Abby made certain that none of her bitterness and rebellion against God ever showed. Not at home, not at church. Once in a while, at work, she let slip an angry word of frustration; co-workers were always eager to commiserate.
Before leaving work that afternoon, Abby studied her checkbook. Not much there. Returning the tubs of pre-sliced ham and turkey to the shelf, she headed for the meat counter, deciding that left-over meatloaf (stretched with plenty of oatmeal and soup for dinner that night) would suit for a couple days’ sandwiches for the kids.
Abby’s war with God raged on and on in the battleground of her mind. The cost of food: going up. Gas: forget it. When she arrived home, the usual monthly bills greeted her: utilities, all going up, up, up. Frustrated, she threw the envelopes up in the air and let them land wherever they wished, then began putting her groceries away.

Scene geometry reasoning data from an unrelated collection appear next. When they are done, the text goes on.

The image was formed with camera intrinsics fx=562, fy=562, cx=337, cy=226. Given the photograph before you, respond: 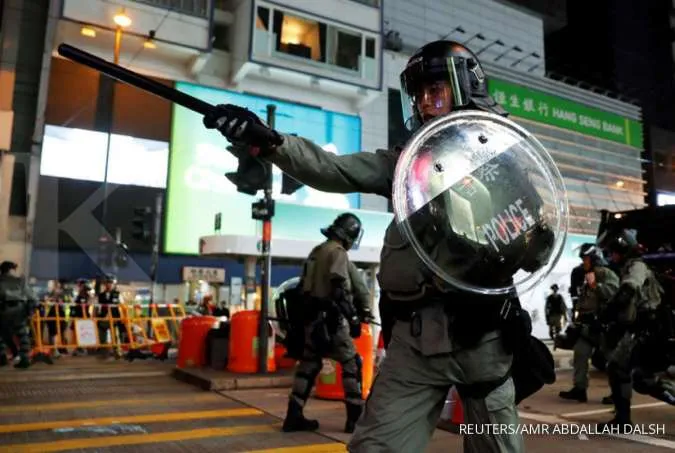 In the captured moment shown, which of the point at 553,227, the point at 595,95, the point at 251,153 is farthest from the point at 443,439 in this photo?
the point at 595,95

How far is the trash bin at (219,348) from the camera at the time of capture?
943 cm

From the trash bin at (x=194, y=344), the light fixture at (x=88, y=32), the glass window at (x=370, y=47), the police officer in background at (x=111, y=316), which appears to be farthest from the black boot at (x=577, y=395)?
the glass window at (x=370, y=47)

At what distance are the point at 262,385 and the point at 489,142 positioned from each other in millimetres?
6878

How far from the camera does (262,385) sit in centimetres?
830

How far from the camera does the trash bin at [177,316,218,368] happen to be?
9867mm

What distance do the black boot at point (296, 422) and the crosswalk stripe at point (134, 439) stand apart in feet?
0.55

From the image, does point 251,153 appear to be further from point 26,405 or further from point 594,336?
point 594,336

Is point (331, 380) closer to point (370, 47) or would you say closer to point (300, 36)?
point (300, 36)

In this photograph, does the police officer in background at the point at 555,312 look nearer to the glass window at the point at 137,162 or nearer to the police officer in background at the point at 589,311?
the police officer in background at the point at 589,311

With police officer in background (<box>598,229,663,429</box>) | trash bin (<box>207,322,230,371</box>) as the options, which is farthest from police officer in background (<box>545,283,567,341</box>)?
trash bin (<box>207,322,230,371</box>)

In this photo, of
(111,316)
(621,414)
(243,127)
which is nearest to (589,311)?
(621,414)

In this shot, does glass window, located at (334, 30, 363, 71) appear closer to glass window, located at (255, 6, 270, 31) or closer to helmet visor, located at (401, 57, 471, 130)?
glass window, located at (255, 6, 270, 31)

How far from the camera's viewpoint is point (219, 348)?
9.48 metres

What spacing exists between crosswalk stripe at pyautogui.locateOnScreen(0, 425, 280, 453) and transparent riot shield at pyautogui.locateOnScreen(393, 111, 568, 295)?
4017 mm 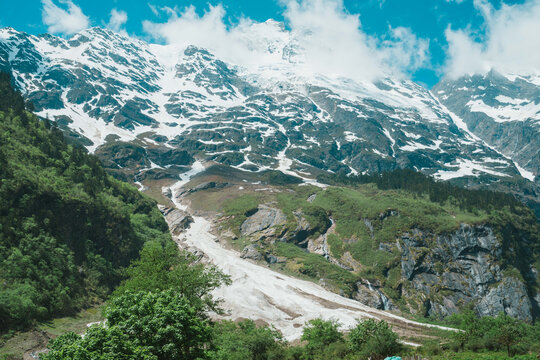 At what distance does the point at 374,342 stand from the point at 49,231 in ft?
189

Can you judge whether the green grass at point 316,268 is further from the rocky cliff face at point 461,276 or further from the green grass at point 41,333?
the green grass at point 41,333

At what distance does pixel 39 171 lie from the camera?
71.9 metres

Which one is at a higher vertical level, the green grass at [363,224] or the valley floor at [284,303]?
the green grass at [363,224]

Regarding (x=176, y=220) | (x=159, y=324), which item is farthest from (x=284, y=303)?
(x=176, y=220)

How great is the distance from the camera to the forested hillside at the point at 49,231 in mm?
49781

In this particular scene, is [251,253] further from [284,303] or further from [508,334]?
[508,334]

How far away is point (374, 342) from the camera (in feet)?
107

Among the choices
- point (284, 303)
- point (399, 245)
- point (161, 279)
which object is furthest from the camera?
point (399, 245)

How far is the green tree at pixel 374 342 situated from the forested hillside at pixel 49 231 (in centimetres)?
4072

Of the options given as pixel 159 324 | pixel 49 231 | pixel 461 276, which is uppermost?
pixel 461 276

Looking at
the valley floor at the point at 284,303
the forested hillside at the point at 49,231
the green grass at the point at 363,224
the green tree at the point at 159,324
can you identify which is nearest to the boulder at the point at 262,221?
the green grass at the point at 363,224

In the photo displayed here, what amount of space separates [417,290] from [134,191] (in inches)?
3958

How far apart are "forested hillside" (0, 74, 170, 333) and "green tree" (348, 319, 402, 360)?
134 feet

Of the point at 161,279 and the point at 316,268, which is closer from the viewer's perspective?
the point at 161,279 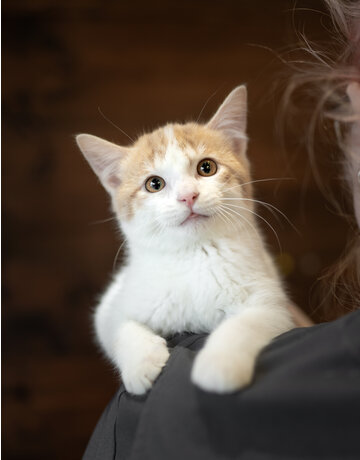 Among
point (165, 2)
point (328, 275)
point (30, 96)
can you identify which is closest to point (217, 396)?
point (328, 275)

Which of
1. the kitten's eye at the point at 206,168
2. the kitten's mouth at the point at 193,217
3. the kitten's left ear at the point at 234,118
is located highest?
the kitten's left ear at the point at 234,118

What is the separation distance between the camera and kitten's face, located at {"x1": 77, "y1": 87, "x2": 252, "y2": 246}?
105cm

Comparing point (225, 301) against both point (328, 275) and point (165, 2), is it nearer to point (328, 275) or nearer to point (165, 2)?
point (328, 275)

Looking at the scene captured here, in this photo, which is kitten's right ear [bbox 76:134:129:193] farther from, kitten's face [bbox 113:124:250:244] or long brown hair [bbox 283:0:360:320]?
long brown hair [bbox 283:0:360:320]

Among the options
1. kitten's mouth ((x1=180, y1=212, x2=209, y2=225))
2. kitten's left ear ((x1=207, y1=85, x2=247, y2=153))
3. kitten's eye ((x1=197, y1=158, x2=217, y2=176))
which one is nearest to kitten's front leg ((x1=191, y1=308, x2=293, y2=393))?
kitten's mouth ((x1=180, y1=212, x2=209, y2=225))

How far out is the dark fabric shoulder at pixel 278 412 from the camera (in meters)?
0.55

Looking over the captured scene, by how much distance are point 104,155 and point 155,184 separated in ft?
0.68

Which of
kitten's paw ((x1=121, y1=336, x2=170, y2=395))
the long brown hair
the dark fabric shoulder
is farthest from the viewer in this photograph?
the long brown hair

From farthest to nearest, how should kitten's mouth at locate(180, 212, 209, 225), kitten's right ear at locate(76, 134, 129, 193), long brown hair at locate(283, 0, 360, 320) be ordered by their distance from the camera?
1. kitten's right ear at locate(76, 134, 129, 193)
2. kitten's mouth at locate(180, 212, 209, 225)
3. long brown hair at locate(283, 0, 360, 320)

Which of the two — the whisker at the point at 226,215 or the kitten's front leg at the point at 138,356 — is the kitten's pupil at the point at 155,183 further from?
the kitten's front leg at the point at 138,356

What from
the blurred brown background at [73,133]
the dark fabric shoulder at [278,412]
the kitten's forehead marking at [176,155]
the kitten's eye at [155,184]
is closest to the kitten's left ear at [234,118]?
the kitten's forehead marking at [176,155]

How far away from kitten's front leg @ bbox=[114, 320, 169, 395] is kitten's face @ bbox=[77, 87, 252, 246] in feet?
0.79

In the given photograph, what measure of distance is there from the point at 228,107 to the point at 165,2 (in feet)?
5.12

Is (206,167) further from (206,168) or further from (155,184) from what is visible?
(155,184) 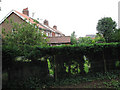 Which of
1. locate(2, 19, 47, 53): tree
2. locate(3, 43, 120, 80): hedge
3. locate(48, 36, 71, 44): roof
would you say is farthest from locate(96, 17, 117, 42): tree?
locate(3, 43, 120, 80): hedge

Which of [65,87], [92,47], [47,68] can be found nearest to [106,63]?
[92,47]

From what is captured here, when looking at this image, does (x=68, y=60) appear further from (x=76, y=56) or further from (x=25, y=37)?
(x=25, y=37)

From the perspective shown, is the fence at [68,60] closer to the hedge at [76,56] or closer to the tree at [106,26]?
the hedge at [76,56]

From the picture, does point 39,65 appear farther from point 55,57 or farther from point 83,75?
point 83,75

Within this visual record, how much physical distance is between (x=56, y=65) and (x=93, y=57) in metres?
2.00

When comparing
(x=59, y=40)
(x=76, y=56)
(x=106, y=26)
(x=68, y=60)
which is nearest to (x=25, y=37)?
(x=68, y=60)

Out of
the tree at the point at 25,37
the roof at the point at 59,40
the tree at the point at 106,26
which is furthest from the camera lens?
the tree at the point at 106,26

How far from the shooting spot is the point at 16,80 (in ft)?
16.9

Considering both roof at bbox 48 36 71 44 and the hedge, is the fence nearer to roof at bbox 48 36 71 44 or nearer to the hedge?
the hedge

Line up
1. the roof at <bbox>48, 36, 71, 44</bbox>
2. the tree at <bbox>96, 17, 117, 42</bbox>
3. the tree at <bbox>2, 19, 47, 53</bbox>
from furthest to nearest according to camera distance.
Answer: the tree at <bbox>96, 17, 117, 42</bbox>
the roof at <bbox>48, 36, 71, 44</bbox>
the tree at <bbox>2, 19, 47, 53</bbox>

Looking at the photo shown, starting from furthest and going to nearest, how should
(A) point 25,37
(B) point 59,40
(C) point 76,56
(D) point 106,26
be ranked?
(D) point 106,26 < (B) point 59,40 < (A) point 25,37 < (C) point 76,56

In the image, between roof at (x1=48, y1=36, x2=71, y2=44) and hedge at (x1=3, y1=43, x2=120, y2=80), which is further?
roof at (x1=48, y1=36, x2=71, y2=44)

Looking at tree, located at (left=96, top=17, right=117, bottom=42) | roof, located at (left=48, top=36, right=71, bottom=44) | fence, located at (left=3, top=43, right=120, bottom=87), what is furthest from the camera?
tree, located at (left=96, top=17, right=117, bottom=42)

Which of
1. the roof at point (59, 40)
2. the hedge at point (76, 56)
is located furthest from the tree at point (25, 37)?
the roof at point (59, 40) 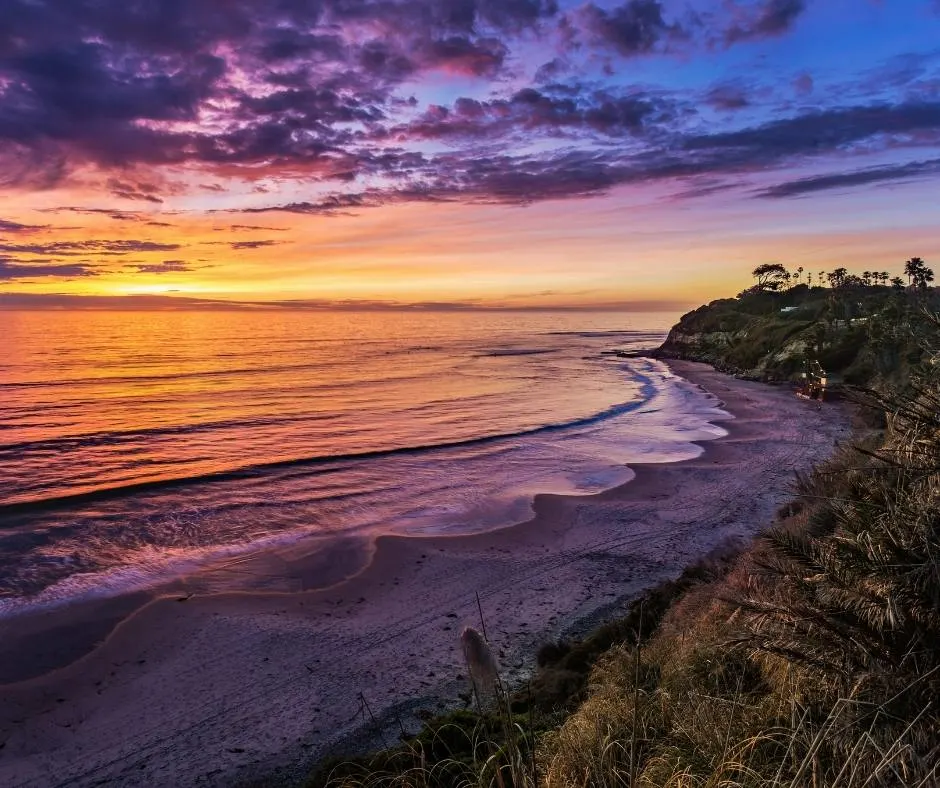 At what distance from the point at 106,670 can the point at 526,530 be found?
1092cm

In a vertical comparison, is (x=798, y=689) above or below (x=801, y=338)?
below

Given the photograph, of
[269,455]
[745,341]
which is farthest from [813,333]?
[269,455]

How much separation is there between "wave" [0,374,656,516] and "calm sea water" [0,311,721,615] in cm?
11

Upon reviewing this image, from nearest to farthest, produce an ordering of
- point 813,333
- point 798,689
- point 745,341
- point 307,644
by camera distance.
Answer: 1. point 798,689
2. point 307,644
3. point 813,333
4. point 745,341

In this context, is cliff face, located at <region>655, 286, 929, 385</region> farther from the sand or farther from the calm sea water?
the sand

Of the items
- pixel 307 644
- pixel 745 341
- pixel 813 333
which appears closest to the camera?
pixel 307 644

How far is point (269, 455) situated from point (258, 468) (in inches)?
88.2

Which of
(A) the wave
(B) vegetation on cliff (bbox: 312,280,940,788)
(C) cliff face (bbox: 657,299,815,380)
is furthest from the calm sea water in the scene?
(B) vegetation on cliff (bbox: 312,280,940,788)

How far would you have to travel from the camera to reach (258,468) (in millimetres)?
25641

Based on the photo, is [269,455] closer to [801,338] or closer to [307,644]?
[307,644]

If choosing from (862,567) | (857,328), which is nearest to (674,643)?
(862,567)

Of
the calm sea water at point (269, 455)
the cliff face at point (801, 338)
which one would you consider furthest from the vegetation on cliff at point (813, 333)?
the calm sea water at point (269, 455)

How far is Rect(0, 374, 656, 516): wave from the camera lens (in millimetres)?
20609

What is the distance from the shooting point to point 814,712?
4848 mm
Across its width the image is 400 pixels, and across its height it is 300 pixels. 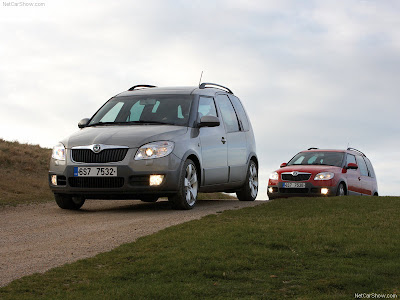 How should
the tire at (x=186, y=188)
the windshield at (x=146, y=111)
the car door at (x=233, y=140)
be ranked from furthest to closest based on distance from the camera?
the car door at (x=233, y=140) → the windshield at (x=146, y=111) → the tire at (x=186, y=188)

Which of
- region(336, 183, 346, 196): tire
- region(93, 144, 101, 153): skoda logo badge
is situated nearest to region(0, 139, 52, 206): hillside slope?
region(93, 144, 101, 153): skoda logo badge

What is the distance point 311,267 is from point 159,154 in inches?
190

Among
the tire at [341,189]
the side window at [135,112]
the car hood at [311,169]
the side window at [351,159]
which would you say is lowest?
the tire at [341,189]

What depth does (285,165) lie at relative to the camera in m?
19.4

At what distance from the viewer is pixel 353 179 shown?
19.1 meters

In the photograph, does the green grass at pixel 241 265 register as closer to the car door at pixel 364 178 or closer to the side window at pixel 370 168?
the car door at pixel 364 178

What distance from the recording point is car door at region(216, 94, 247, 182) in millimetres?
14203

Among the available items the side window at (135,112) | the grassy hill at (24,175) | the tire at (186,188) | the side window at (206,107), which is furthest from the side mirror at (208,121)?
the grassy hill at (24,175)

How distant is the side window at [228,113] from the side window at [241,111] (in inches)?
10.0

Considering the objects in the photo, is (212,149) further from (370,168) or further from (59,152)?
(370,168)

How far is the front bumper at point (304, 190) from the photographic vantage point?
17.8 m

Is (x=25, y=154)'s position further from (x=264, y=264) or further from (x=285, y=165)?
(x=264, y=264)

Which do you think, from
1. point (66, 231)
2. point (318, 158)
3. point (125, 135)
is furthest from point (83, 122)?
point (318, 158)

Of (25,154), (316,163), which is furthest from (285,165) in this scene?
(25,154) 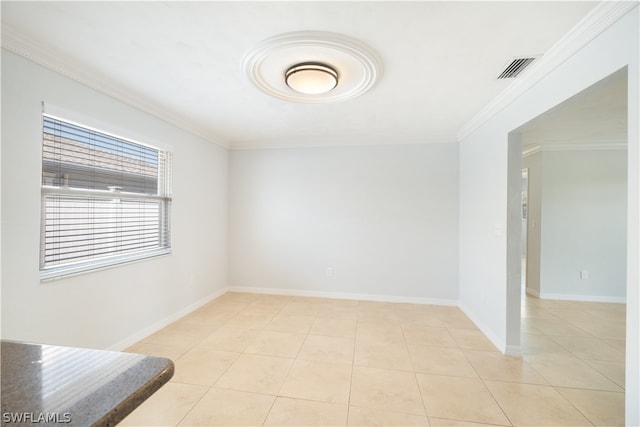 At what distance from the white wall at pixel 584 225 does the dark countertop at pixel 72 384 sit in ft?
17.0

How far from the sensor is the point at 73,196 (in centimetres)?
207

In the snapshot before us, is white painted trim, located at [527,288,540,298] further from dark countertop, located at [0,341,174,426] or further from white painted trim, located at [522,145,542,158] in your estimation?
dark countertop, located at [0,341,174,426]

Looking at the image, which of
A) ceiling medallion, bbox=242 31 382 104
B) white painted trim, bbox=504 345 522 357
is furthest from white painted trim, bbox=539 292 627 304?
ceiling medallion, bbox=242 31 382 104

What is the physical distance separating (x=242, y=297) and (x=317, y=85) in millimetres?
3293

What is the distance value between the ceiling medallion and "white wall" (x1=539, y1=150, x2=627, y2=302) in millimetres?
3774

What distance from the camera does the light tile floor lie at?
1.71 metres

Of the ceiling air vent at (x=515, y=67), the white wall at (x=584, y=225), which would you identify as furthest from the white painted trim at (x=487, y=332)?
the ceiling air vent at (x=515, y=67)

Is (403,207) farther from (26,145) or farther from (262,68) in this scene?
(26,145)

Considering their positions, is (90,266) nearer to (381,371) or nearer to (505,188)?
(381,371)

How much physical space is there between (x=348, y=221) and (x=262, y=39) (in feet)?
9.15

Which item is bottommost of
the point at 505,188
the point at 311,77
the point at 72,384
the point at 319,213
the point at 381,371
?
the point at 381,371

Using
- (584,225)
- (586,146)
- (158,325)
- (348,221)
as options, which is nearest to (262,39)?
(348,221)

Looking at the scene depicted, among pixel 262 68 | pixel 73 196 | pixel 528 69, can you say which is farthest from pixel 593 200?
pixel 73 196

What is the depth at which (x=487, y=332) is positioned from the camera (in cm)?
281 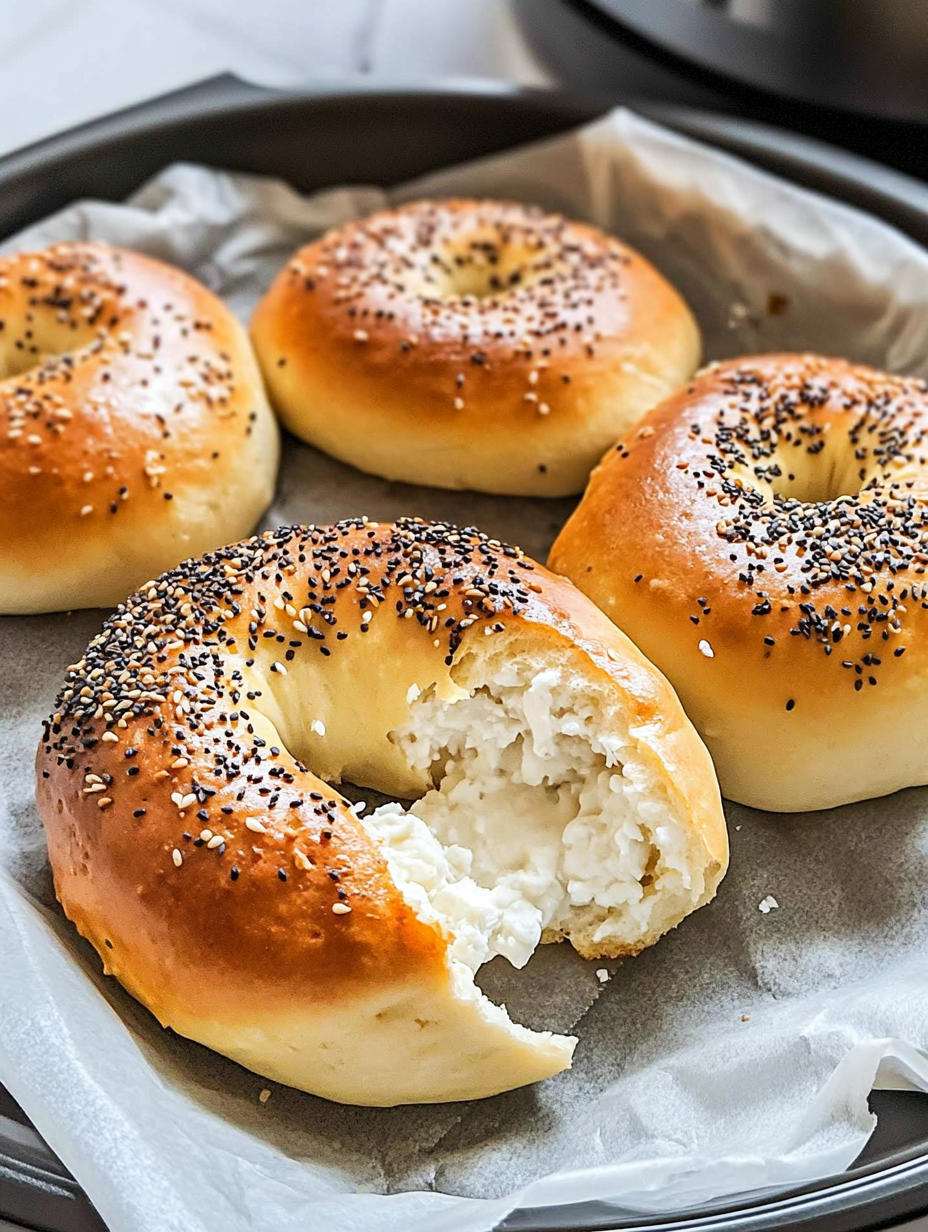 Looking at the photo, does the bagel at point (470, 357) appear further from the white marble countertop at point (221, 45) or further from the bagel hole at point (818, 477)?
the white marble countertop at point (221, 45)

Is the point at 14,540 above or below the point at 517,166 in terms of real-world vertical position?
below

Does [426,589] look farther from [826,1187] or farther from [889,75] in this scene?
[889,75]

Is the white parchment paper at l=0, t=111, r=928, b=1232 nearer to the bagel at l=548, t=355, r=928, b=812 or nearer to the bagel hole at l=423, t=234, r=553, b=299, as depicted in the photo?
the bagel at l=548, t=355, r=928, b=812

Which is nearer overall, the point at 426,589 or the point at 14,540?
the point at 426,589

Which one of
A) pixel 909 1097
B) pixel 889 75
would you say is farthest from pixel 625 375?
pixel 909 1097

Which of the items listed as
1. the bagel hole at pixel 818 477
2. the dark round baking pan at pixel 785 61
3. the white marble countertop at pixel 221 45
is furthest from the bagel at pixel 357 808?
the white marble countertop at pixel 221 45

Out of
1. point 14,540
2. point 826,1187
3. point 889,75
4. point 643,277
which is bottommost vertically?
point 826,1187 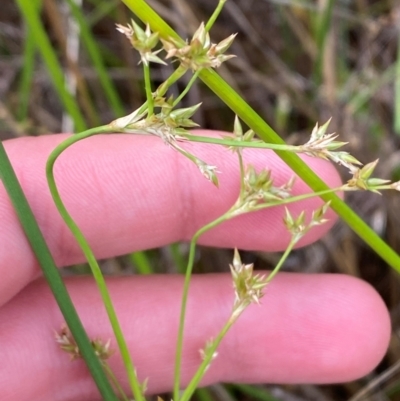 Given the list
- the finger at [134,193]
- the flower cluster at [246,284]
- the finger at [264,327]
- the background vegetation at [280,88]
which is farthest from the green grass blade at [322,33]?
the flower cluster at [246,284]

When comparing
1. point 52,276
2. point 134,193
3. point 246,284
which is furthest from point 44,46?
point 246,284

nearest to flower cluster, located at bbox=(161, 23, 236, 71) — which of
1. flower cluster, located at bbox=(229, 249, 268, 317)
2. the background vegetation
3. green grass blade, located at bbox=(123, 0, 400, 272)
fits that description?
green grass blade, located at bbox=(123, 0, 400, 272)

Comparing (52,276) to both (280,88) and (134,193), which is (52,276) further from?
(280,88)

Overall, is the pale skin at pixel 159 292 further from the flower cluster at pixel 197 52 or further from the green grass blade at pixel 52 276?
the flower cluster at pixel 197 52

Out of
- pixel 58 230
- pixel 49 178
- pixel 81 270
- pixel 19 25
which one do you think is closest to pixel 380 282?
pixel 81 270

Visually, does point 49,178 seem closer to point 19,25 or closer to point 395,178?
point 395,178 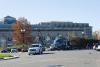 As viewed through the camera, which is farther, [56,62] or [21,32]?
[21,32]

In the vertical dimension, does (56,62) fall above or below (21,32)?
below

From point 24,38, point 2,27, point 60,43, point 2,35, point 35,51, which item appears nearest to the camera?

Wadding up the last plastic bag, she felt something like paper, but a little stiffer. She pulled it out and read: “Grandma’s Peanut Butter Oatmeal Spice Gems.” Suddenly a little more cheerful, she decided she had the ingredients to make those “gems.” Turning the card over, she read the only words there: “If you can’t praise Me for what I allow, praise Me for Who I Am. Habakkuk 3:17-19.” Stunned, she collapsed in the nearest chair.
The handwritten phrase, turning up out of nowhere, stilled the turmoil in her mind. Instead of a rebuke, God sent her a message.
That evening she would explore a special passage in Habakkuk.